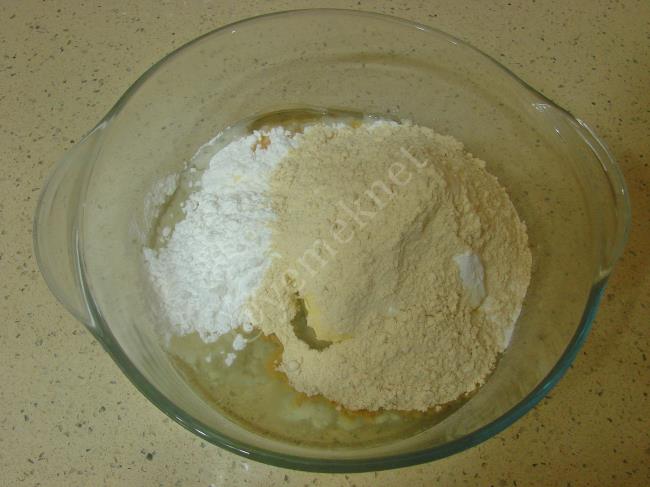 Kavrulmuş Un Kurabiyesi - Yapılışı (5/12) 
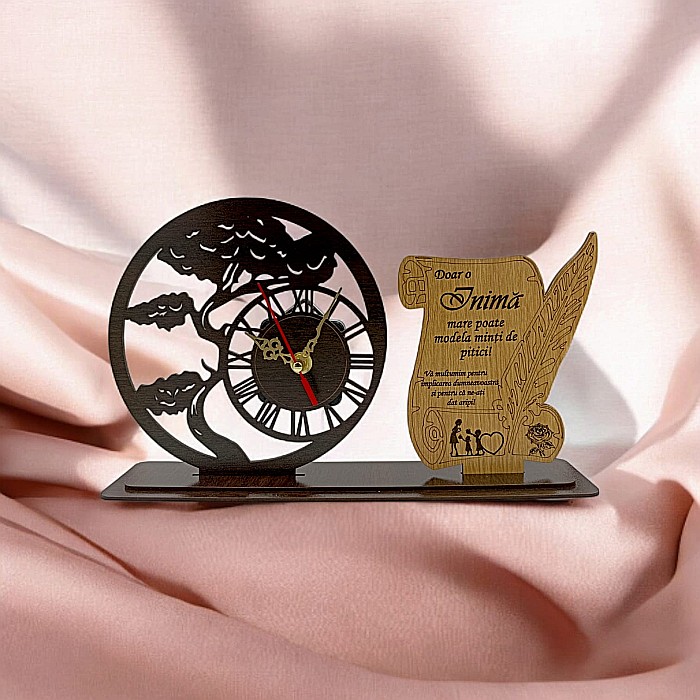 Blank Ceas Bonsai cu Placută, personalizat "Doar o inima mare poate modela minti de pitici", Produs în România de Rustic Wood Decor ,dimensiune 30x18cm [1]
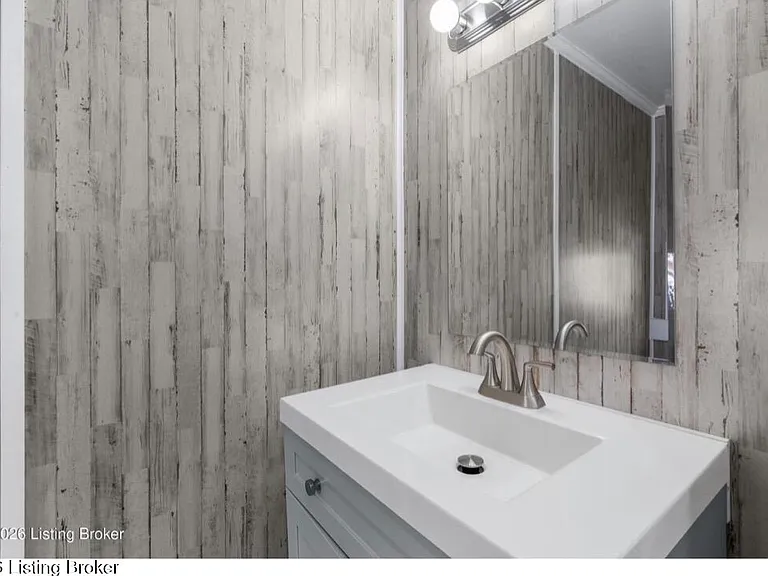 2205 Bolling Ave — Photo 7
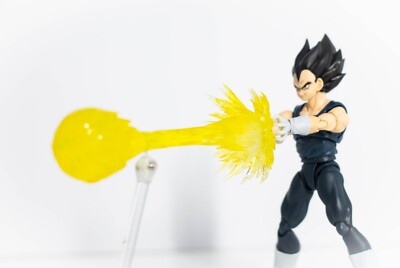 SH Figuarts Dragon Ball Custom Vegeta Gohan Trunks Yellow Ki Blast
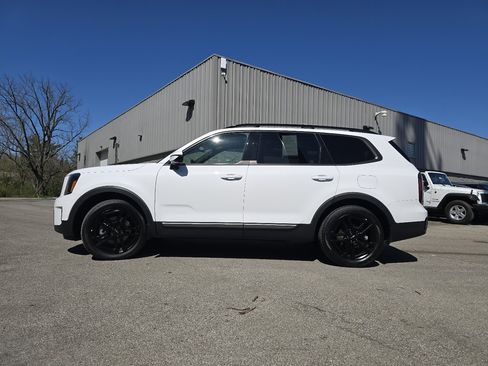 Used 2023 Kia Telluride SX X-Line image 14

********************

Work to be completed
Please write the material out again exactly as shown above, minus any pictures.

Solution to this task
 Kavrulmuş Un Kurabiyesi - Yapılışı (5/12) 
 Blank Ceas Bonsai cu Placută, personalizat "Doar o inima mare poate modela minti de pitici", Produs în România de Rustic Wood Decor ,dimensiune 30x18cm [1]
 2205 Bolling Ave — Photo 7
 SH Figuarts Dragon Ball Custom Vegeta Gohan Trunks Yellow Ki Blast
 Used 2023 Kia Telluride SX X-Line image 14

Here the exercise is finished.